You are viewing a plain text version of this content. The canonical link for it is here.
Posted to dev@parquet.apache.org by Mohammad Islam <mi...@yahoo.com.INVALID> on 2015/10/09 03:06:35 UTC
Hive+Parquet : auto-type promotion
Hi,
In Hive+parquet, auto type promotion (short->int->bigint) is not supported. Few questions:
1. Does Parquet support this type of auto type widening?
2. is it being supported in pig or any similar project?
I'm considering this for Hive. Other data-formats already support this in Hive. ORC recently added the support as well.
I'm not expert in Parquet.
Can someone please give some idea? Some relevant pointers?
One dev tried it (https://issues.apache.org/jira/browse/HIVE-6784), but could not push due to performance ground.
Regards,
Mohammad
Re: Hive+Parquet : auto-type promotion
Posted by Daniel Weeks <dw...@netflix.com.INVALID>.
I believe pig has this already:
https://issues.apache.org/jira/browse/PARQUET-2
-Dan
On Fri, Oct 9, 2015 at 9:59 AM, Sergio Pena <se...@cloudera.com>
wrote:
> Hey Ryan, Mohammad
>
> I just left a comment on dev@hive.apache.org regarding this. It may be
> possible to do such promotion in Hive. I don't know if Pig does such
> promotion.
>
> Here's the comment left on dev@hive.apache.org:
> "
> I reviewed the HIVE-6784 patch and it has performance penalties because the
> way is implemented.
>
> I think we can do the promotion in a different way to avoid such penalties.

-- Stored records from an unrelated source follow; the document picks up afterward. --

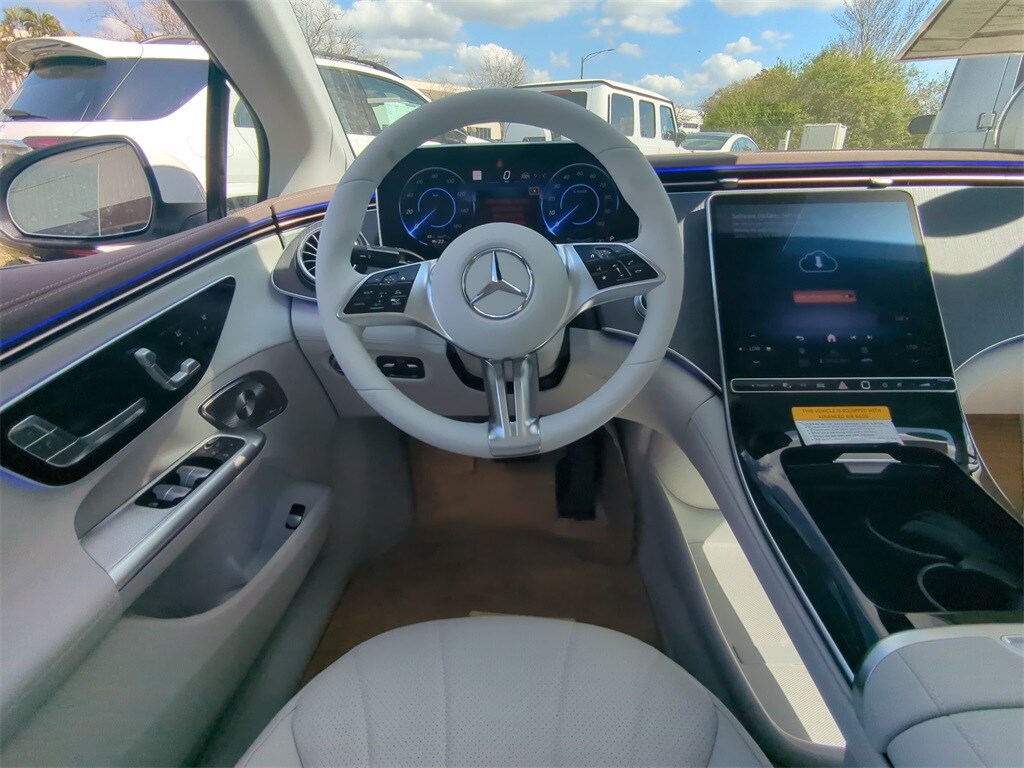2025 Mercedes Benz EQE Sedan 350 photo 3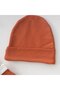 Baby and Toddler Romper Gift Set Baby Girl and Boy Cotton Raglan Romper and Beanie Set - 4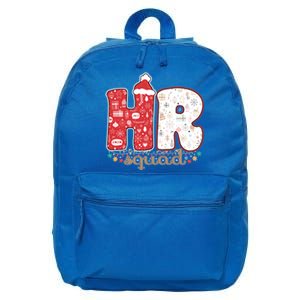 Hr Squad Christmas Costume Funny Hu Resource Gift 16 in Basic Backpack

> If you take a look at ParquetStringInspector.java, this class gets a String
> value from different string writables (BytesWritable, Text or String). We
> may do something like that to return a Long from Integer and Short types.
> However, I am a little worried about the little overhead we will add by
> checking the writable type with 'instance of' everytime we get the value.
>
> I'll review the object inspector and ETypeConverter.java (parquet type
> coverter) to see if there's a better way to do the promotion.
> "
>
> I'll do my investigation, and see the best way to do it.
>
> On Fri, Oct 9, 2015 at 11:27 AM, Ryan Blue <bl...@cloudera.com> wrote:
>
> > Mohammad,
> >
> > This is definitely something that I think we should support. Sergio is
> the
> > expert on the Hive implementation and can correct me, but I think we
> should
> > be able to support this in the SerDe fairly easily by adding promotion
> > methods to the object inspectors.
> >
> > Sergio, what do you think needs to be done here?
> >
> > rb
> >
> >
> > On 10/08/2015 06:06 PM, Mohammad Islam wrote:
> >
> >> Hi,
> >> In Hive+parquet, auto type promotion (short->int->bigint) is not
> >> supported. Few questions:
> >> 1. Does Parquet support this type of auto type widening?
> >> 2. is it being supported in pig or any similar project?
> >>
> >>
> >> I'm considering this for Hive. Other data-formats already support this
> >> in Hive. ORC recently added the support as well.
> >> I'm not expert in Parquet.
> >>
> >> Can someone please give some idea? Some relevant pointers?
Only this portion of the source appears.